- _Saved data entries_:
######

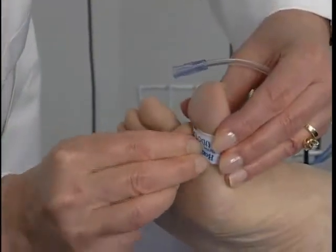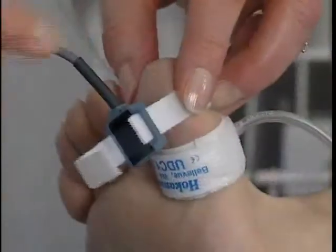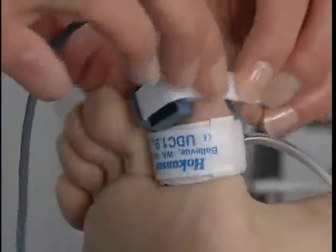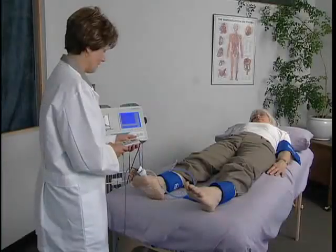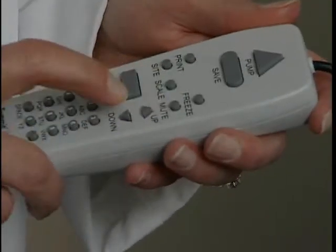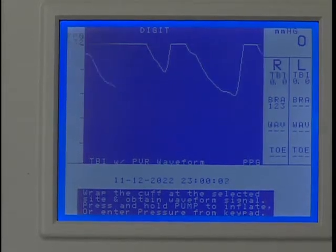Wrap the digit cuff around the base of the great toe. Move the hose from the ankle cuff to the digit cuff. Attach the PPG probe to the toe distal to the cuff with the blue side of the probe against the skin. Again, the probe should be snug but not too tight. The patient must be still. Wait several seconds for the waveform to stabilize. Press Scale one or more times as needed to adjust the vertical scaling to obtain a waveform as large as possible without clipping at the top.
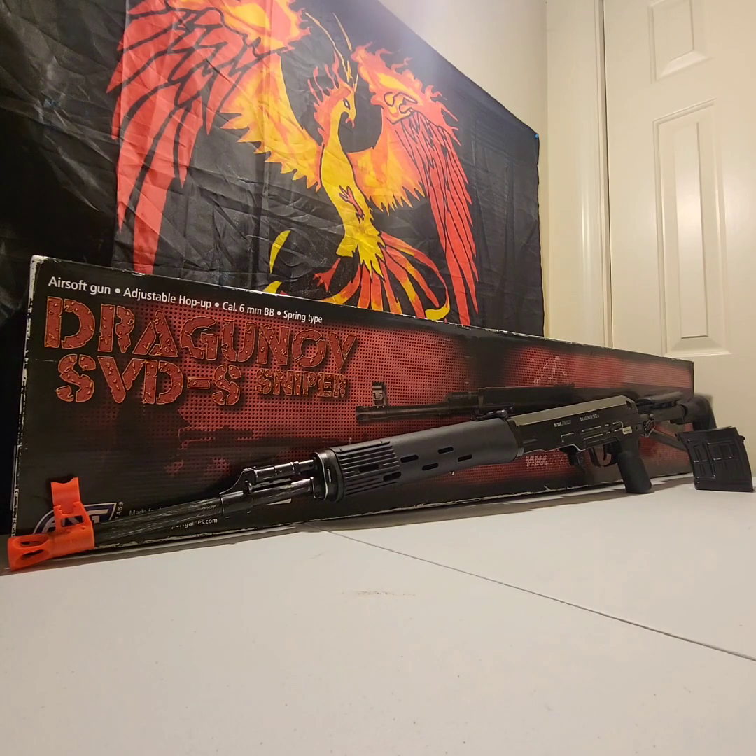Good morning Airsofters! Anthony here from Phoenix Rising Creations, and I'm back with another Airsoft product review. This one is going to be a sleeper Airsoft gun. I'm telling you, if you like to be a sniper, this one is one you might want to check out. This is the Dragunov SVDS by ASG.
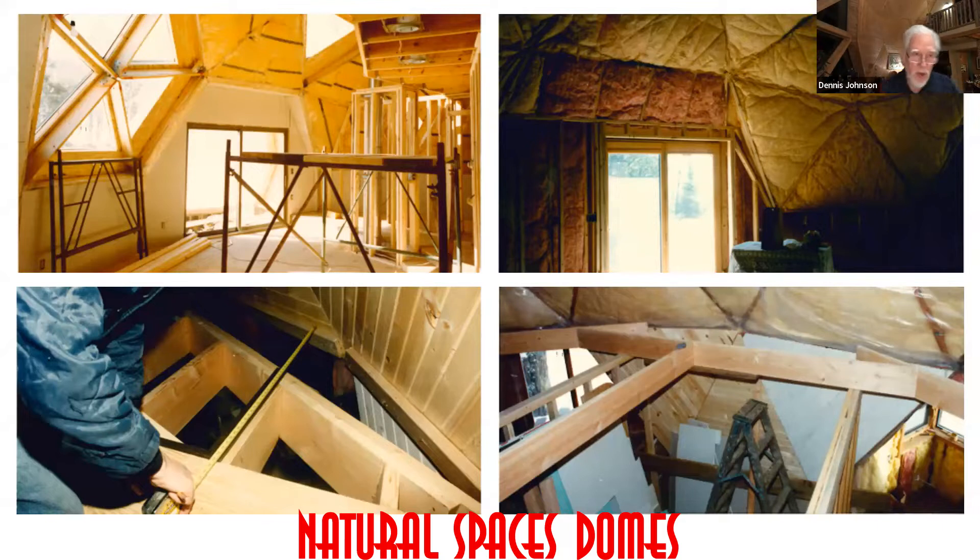We know all the other dome companies out there — the ones that have ceased to exist for whatever reasons, whether the owner died or they sold it. We know the types of domes being built. We have our own system. My background is architecture. That's where we got into this back in the seventies — I quit the architectural firm I worked for and started building domes, based on architectural facts and figures.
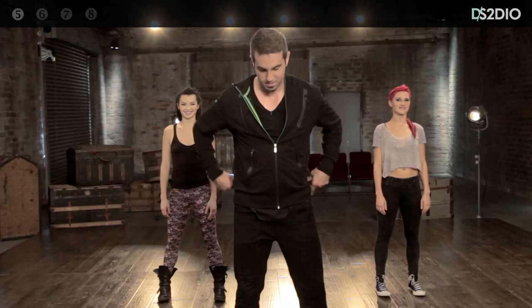Welcome back guys. That was the first four counts of eight. Now we're going to move into the next four. Stay with me. Stay focused. Let's rock.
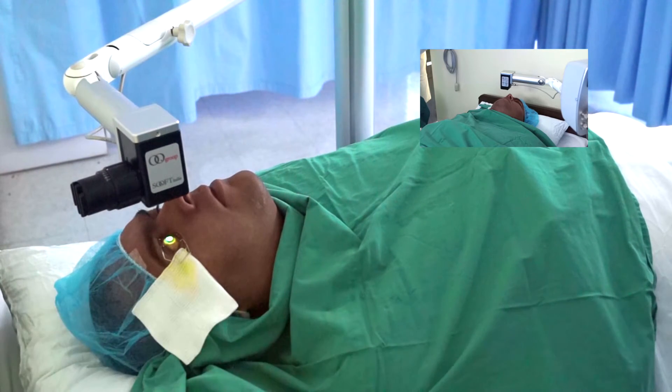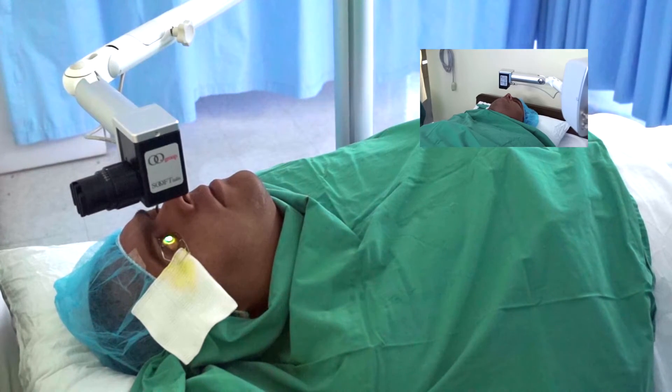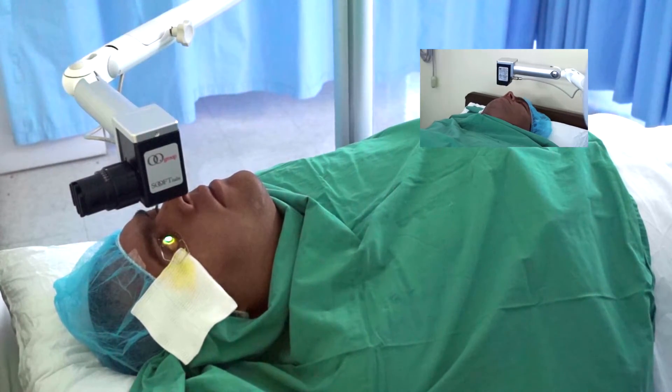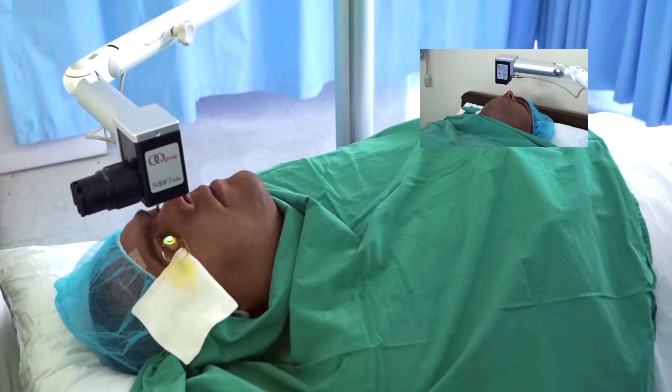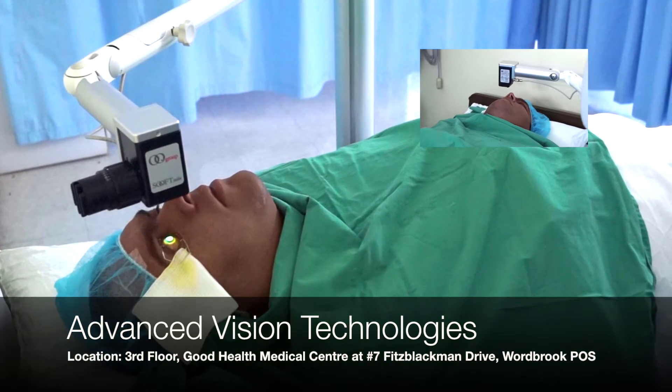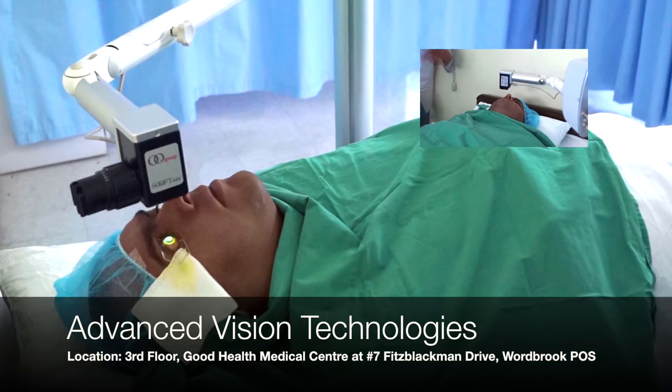This procedure is pain-free. Unlike the epi-off method, where the actual cornea is scraped with a blade, it is not painful. Whereas the epi-off method requires light to be shown onto the cornea for over 30 minutes, this procedure takes just 9 minutes of UV light.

######

- _Instructions for the task_: What is needed is every record above printed exactly, with no pictures.

- _Solved problem_:
Wrap the digit cuff around the base of the great toe. Move the hose from the ankle cuff to the digit cuff. Attach the PPG probe to the toe distal to the cuff with the blue side of the probe against the skin. Again, the probe should be snug but not too tight. The patient must be still. Wait several seconds for the waveform to stabilize. Press Scale one or more times as needed to adjust the vertical scaling to obtain a waveform as large as possible without clipping at the top.
Good morning Airsofters! Anthony here from Phoenix Rising Creations, and I'm back with another Airsoft product review. This one is going to be a sleeper Airsoft gun. I'm telling you, if you like to be a sniper, this one is one you might want to check out. This is the Dragunov SVDS by ASG.
We know all the other dome companies out there — the ones that have ceased to exist for whatever reasons, whether the owner died or they sold it. We know the types of domes being built. We have our own system. My background is architecture. That's where we got into this back in the seventies — I quit the architectural firm I worked for and started building domes, based on architectural facts and figures.
Welcome back guys. That was the first four counts of eight. Now we're going to move into the next four. Stay with me. Stay focused. Let's rock.
This procedure is pain-free. Unlike the epi-off method, where the actual cornea is scraped with a blade, it is not painful. Whereas the epi-off method requires light to be shown onto the cornea for over 30 minutes, this procedure takes just 9 minutes of UV light.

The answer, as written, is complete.